Clearly, whilst this approach is optimal in many circumstances, it does affect the validity of the assessment. By purposefully selecting certain clusters of the knowledge domain over others, there is a potential for bias where students with particular strengths are unfairly disadvantaged and their performance on the assessment does not reflect the overall strength of their attainment across the assessment’s scope. In general, it makes assessing the validity of inference more challenging. If we set students an end of Year 8 history assessment and ask them to revise the entire curriculum, and yet in the exam we pick just one topic, to what extent can we legitimately infer how well they are likely to know history across the parts of the curriculum we did not assess? In assessment, we are usually trying to generalise about performance beyond the tasks we set, but reliability is likely to diminish the more we reach beyond the domain of tasks assessed.
While each method has its merits, combining them can be advantageous. A strategy that employs initial random sampling to ensure broad coverage, followed by cluster sampling for an in-depth exploration of certain areas, can provide a well-rounded assessment approach.
In this post, we have considered two important factors in assessment design: scope and sampling. Deciding what is in scope for an assessment is to make value judgements about the relative importance of subject content. Deciding how to sample from this domain is about validity of the inferences you will later make about pupils’ attainment.
There is one more decision to make, which is what type of questions and tasks will serve your purposes best. We will turn to this question in a future post.

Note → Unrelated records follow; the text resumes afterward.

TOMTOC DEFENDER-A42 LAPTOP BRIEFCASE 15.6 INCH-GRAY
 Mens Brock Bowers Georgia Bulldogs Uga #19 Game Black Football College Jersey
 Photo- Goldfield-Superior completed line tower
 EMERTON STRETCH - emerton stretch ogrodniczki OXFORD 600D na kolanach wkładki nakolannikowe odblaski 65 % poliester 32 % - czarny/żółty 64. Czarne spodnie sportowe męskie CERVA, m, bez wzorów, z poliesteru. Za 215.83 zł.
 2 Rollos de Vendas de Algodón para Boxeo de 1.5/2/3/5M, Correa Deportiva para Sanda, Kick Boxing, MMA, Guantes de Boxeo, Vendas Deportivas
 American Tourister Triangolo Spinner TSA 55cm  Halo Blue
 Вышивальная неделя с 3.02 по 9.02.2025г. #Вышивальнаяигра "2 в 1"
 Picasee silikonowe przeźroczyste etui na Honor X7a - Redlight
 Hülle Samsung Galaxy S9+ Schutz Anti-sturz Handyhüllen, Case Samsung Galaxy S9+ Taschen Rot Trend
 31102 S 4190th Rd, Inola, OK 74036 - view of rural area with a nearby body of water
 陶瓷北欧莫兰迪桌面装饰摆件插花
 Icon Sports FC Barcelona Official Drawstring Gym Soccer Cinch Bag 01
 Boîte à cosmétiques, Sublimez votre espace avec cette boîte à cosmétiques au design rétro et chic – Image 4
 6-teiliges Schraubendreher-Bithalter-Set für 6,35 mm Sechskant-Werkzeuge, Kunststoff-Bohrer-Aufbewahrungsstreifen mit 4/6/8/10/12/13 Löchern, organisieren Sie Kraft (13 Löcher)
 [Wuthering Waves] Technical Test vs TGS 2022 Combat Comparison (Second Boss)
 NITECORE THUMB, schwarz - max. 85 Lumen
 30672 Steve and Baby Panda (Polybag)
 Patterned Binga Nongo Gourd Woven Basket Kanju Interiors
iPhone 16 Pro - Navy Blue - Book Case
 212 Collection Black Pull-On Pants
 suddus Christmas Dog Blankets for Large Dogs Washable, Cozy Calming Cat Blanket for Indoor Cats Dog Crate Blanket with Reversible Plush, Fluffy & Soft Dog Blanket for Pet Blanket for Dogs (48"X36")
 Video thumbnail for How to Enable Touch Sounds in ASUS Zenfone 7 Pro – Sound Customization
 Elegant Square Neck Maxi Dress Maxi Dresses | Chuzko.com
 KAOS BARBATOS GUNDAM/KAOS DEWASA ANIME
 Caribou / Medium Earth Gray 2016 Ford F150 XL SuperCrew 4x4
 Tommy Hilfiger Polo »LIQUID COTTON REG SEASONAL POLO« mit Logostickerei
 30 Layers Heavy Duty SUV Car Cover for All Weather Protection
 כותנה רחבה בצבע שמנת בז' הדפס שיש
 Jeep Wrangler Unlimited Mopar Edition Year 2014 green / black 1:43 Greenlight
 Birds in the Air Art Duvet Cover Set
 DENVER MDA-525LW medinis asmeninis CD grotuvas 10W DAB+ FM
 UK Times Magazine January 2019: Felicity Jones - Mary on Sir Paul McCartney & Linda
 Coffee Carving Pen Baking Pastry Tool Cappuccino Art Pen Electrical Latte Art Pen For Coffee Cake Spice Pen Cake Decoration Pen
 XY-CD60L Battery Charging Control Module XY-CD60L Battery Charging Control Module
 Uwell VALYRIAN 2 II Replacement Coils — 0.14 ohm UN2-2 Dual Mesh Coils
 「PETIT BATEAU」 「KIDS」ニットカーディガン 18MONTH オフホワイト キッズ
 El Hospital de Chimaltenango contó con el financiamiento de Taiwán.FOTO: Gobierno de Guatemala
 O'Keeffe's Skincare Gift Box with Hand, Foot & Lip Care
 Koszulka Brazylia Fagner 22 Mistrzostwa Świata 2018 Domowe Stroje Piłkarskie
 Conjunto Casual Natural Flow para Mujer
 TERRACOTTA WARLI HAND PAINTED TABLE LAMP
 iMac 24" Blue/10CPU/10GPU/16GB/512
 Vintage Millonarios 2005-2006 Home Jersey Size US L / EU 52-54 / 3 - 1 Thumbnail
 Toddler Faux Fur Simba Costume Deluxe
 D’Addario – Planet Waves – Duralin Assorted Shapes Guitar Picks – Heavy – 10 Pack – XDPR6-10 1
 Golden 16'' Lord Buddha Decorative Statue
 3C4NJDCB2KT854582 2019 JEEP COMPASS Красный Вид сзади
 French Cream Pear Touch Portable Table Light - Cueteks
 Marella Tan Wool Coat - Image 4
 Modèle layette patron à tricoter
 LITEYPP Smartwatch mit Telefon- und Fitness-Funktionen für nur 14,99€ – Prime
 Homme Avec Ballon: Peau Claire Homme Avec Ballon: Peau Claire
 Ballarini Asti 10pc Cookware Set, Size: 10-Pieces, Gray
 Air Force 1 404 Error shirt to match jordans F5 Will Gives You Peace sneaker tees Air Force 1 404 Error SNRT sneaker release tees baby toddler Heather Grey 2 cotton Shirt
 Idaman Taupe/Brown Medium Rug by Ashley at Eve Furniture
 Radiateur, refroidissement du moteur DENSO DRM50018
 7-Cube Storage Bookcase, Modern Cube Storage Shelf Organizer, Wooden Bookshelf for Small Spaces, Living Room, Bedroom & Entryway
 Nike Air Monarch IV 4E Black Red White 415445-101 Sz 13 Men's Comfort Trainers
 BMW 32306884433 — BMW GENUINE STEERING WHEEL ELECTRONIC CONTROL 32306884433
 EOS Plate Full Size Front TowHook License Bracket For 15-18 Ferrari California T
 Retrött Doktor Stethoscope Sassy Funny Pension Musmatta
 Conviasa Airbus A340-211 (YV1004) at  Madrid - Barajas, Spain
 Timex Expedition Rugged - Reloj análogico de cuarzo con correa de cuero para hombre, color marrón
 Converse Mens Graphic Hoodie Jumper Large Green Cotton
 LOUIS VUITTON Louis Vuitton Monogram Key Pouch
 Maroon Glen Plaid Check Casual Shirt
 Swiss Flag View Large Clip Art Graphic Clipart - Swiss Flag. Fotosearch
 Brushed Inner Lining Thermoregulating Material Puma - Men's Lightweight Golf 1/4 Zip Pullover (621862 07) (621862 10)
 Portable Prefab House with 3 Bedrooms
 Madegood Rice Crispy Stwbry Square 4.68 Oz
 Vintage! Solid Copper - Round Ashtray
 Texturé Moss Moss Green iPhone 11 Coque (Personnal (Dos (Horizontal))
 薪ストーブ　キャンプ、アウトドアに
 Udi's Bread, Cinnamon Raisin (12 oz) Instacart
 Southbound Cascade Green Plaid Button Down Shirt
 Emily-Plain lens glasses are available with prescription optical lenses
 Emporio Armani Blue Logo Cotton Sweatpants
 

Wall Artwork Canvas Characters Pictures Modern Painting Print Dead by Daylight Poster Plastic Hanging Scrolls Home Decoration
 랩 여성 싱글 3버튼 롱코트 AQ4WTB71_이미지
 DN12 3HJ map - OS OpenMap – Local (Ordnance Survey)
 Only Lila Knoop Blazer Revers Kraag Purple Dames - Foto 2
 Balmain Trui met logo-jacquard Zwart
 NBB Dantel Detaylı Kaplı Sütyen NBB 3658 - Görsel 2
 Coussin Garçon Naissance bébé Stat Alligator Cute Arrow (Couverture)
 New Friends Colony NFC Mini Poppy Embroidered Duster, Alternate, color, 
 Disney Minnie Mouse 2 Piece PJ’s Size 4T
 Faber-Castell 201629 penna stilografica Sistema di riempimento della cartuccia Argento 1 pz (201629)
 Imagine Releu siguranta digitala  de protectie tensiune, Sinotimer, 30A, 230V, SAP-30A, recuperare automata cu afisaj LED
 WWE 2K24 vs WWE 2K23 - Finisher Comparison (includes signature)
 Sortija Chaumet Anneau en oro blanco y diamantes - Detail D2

If a test is just to be used within a school, and students have access to past papers and use this to revise, I believe there is another important aspect that you haven't mentioned (I think). I believe it is preferable to ensure that the syllabus from which the tests sample is fully covered over the course of tests over multiple years. This is because the content of past assessments influences students (and teachers) perception of what is within the syllabus and their future behaviour. Therefore this approach discourages gambling on only revising certain elements within the syllabus, as well as ensures that past papers comprehensively cover the syllabus and are more effective as a future exam preparation resource. Obviously over many years this would presumably be more or less okay with random sampling anyway, but I think it is worth being purposeful about.